OPENS MARCH 19, CERT 12A, 105 MINS

David Starsky and Ken Hutchinson are back in a brilliantly inventive spoof-cum-homage from Old School director Todd Phillips. So we get Ben Stiller’s uptight, perma-curled Starsky and Owen Wilson’s laid-back Hutch jumping behind the wheel of the regulation white-striped scarlet Ford Torino in pursuit of cocaine dealer Vince Vaughn.

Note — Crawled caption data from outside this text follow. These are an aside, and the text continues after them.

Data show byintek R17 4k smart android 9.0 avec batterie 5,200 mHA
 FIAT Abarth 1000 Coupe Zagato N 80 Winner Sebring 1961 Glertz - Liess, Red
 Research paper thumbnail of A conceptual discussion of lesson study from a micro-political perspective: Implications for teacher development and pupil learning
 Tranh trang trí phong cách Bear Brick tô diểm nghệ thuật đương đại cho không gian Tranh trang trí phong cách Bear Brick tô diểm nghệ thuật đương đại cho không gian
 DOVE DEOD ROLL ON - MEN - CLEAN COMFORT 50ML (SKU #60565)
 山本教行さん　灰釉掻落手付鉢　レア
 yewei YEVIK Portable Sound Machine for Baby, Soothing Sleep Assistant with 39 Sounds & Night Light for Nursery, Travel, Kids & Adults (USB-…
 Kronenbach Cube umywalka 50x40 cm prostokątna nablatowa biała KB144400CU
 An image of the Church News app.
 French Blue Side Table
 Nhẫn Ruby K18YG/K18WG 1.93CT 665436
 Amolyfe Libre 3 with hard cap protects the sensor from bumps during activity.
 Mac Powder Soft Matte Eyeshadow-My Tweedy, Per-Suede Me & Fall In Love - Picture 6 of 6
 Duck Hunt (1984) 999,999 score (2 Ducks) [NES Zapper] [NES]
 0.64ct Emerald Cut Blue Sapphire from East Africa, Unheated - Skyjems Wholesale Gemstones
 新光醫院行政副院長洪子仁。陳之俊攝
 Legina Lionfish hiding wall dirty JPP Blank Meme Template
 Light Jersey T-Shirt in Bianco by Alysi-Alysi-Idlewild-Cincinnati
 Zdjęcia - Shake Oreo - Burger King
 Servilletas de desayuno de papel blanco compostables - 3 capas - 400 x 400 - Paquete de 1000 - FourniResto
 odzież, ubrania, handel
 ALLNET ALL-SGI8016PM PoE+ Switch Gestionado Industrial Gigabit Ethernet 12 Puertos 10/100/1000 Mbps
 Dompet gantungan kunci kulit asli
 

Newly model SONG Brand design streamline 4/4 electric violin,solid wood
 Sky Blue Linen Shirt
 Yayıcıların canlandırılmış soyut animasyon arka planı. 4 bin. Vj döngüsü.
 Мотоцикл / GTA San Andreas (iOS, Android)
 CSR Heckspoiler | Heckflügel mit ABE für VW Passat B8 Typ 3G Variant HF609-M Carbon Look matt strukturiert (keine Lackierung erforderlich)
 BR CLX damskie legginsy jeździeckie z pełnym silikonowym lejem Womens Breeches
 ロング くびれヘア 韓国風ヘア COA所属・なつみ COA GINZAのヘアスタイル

As with the TV show, plot doesn’t count for much?what matters is fast cars, hip threads and plenty of badass attitude. Everything about Starsky & Hutch screams 1975, from the wah-wah guitar riffs to the beige’n’brown set design and snappy wardrobe. Stiller and Wilson become the stunt-loving cop duo with ease, and stamp comic ownership on every frame, despite some stiff competition from Vaughn?sporting an hilariously camp droopy moustache?and a way cool Snoop Dogg, perfectly cast as (of course) Huggy Bear.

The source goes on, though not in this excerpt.